# Rope wrapped boat steering wheel



## Brett (Jul 16, 2008)

Not hard to accomplish, time consuming, plenty of how-to's on line.


----------



## cutrunner (Jun 8, 2010)

Im thinking of doing this in my boat as well.
there was a guy on here that used to wrap wheel for people and he did amazing work. He didnt just wrap it like the YouTube videos show, he tied the whole wheel in some kind of fancy knot so it had more grip and looked amazing


----------



## Brett (Jul 16, 2008)

Again, not difficult, just time consuming.

click for previous posts


----------



## RigaRoo (Aug 14, 2011)

It's pretty easy to accomplish, I did some rope work on my last poling platform to assist in stopping the tiller handle from hitting it. Pick up some paracord, hobby lobby carries a good selection and if you can score a 40% coupon it's cheaper than the internet. However there are plenty of sites that carry it for a great price if you buy in bulk. 

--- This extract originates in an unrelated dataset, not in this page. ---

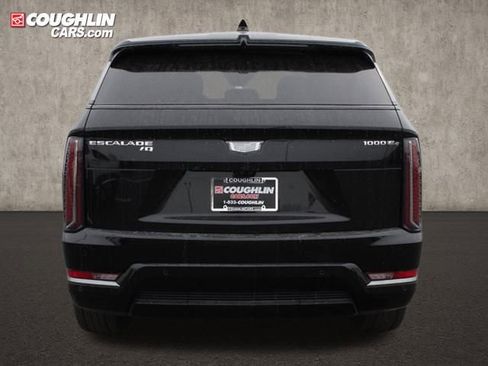 New 2025 Cadillac Escalade IQ Sport 1 w/ Smart Trailering package image 8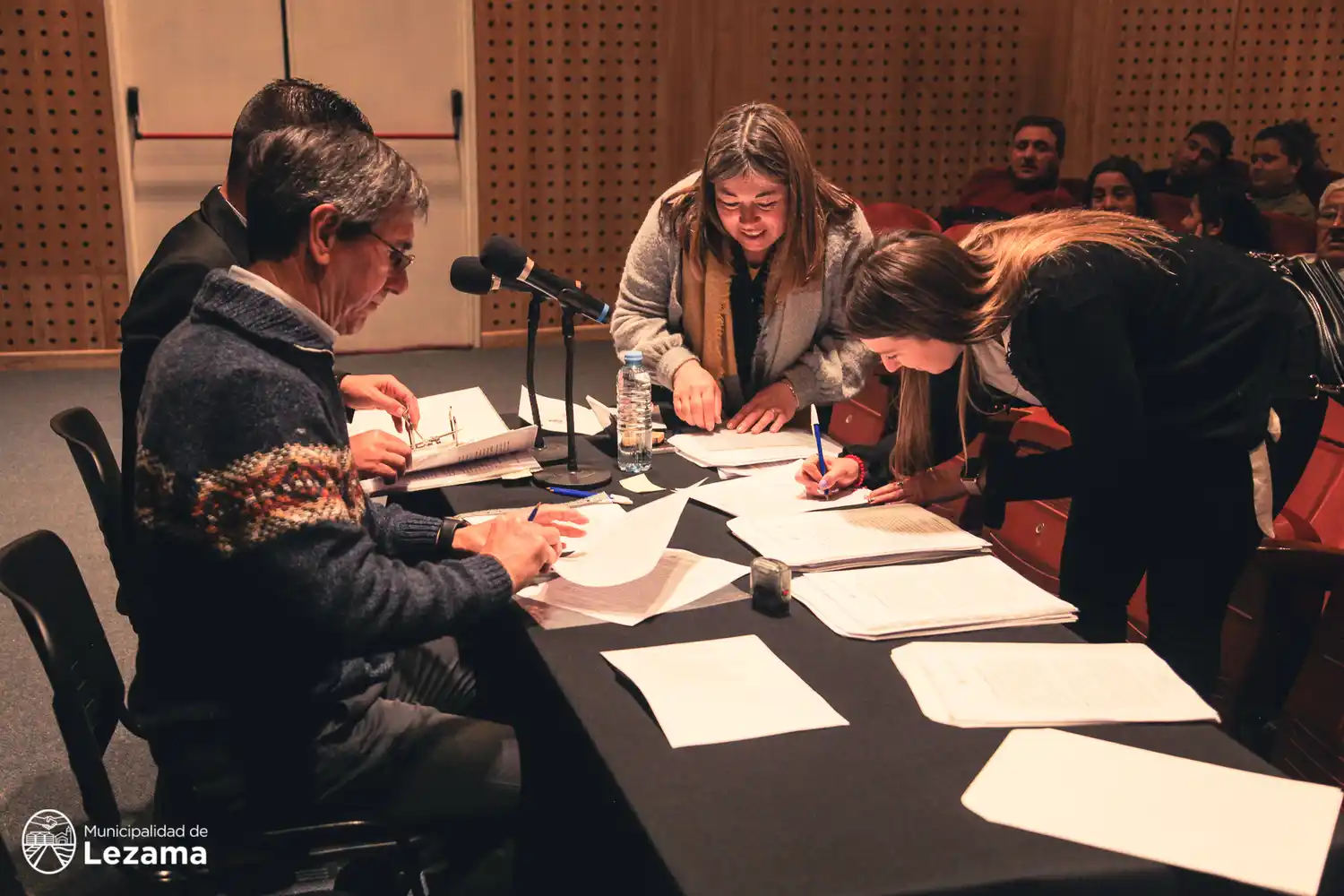 Casa Propia: Familias de Lezama firmaron el boleto de compraventa de terrenos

I googled Turks head knots and coxcombing, there are some pretty amazing things out there that people have done. The coxcombing is pretty easy, you just need to remember the direction your going. One will wrap the knots around the wheel in a spiral and one will keep the knots on the backside of the wheel. 

Good luck!!!


----------



## Net 30 (Mar 24, 2012)

Save yourself a lot of work…use this guy:

http://www.microskiff.com/cgi-bin/yabb2/YaBB.pl?num=1339525441


----------



## skinny_water (Jun 11, 2008)

> Save yourself a lot of work…use this guy:
> 
> http://www.microskiff.com/cgi-bin/yabb2/YaBB.pl?num=1339525441



Yeah, use that guy. He does good work. I heard he also does all the factory stuff for BT/Aeon...


----------



## skinny_water (Jun 11, 2008)

updated the original post with pricing


----------